To simplify this process Python introduced alternative ways to achieve this action known as string formatting
.
Old style
Since Python 2.x the alternative way is to use placeholders, such as %s
, and the %
operator
message = "%s %s %s" % (text, count, fruit)
print(message)
I have 10 cherries
Notice that we didn’t have to use str()
around count
.
Since we use %s
as placeholder, we implicitly request that the value is converted
to its string representation.
You can find information about alternative placeholders and syntax in the old formatting style python documentation.
While powerful, this formatting style was considered impractical or limiting in some situations.
Later versions of Python introduced the .format()
approach also known as new style.
New style
Similarly to the old style, we need to provide a string placeholder, in this case {}
.
message = "{} {} {}".format(text, count, fruit)
print(message)
I have 10 cherries
Although the above example reads exactly the same with old and new style, the latter allows additional flexibility and formatting options.
For instance, referring to the same value more than once and formatting variables in a different order to the text is not possible at all using the old style.
This can be inconvenient e.g. when we want to create a string using values that are always returned from a function in a particular order.
With the new style we can:
message = "{2} {1} and I mean only {1} {0}".format(fruit, count, text)
print(message)
I have 10 and I mean only 10 cherries
Alternative formatting options and a comparison between old and new style can be found in the very useful pyformat.info website.
And as powerful as .format()
is,
the Python community still considered this solution overly verbose.
And so since Python 3.6 a new construct called f-strings
was introduced.
F-strings
f-strings
are as powerful as .format()
but with a simplified syntax.
Reusing the previous example, now with f-strings
we would do:
message = f"{text} {count} and I mean only {count} {fruit}"
print(message)
I have 10 and I mean only 10 cherries
Notice how we got rid of the .format()
part and instead have a little f
before the string.
f-strings
are the third string prefix after raw string literals identified by the r
prefix
and unicode string literals identified by u
.
Expecting the unexpected
So far, we have seen how Python looks when things work as expected.

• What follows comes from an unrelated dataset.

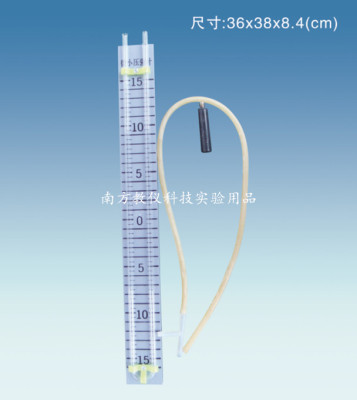 微小压强计 J21016 初中力学 物理实验器材 教学仪器 正品专卖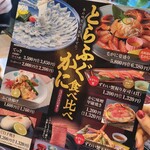 しゃぶしゃぶ・日本料理 木曽路 -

However, every once in a while, you will run into errors.
We saw this before when we tried to concatenate 10 + "cherries"
without str(10)
.
Errors in Python are called exceptions and the message displayed is called a traceback. The exception name is usually present in the last line of a traceback, together with a description of what might have gone wrong. Tracebacks help us identify where the error happened, while the exception tells us what went wrong.
10 + "cherries"
Traceback (most recent call last):
File "<stdin>", line 1, in <module>
TypeError: unsupported operand type(s) for +: 'int' and 'str'
In this case the traceback tells us that we triggered a TypeError
exception,
caused by trying to use the +
operator on incompatible types int
and str
.
Since we are using a python interactive shell the rest is not particularly informative.
The above traceback is rather short but in real programs, which make use of complex libraries, they can get surprisingly long:
But fear not, although scary at first, learning how to read a traceback is halfway to becoming great at debugging your programs and being a better programmer.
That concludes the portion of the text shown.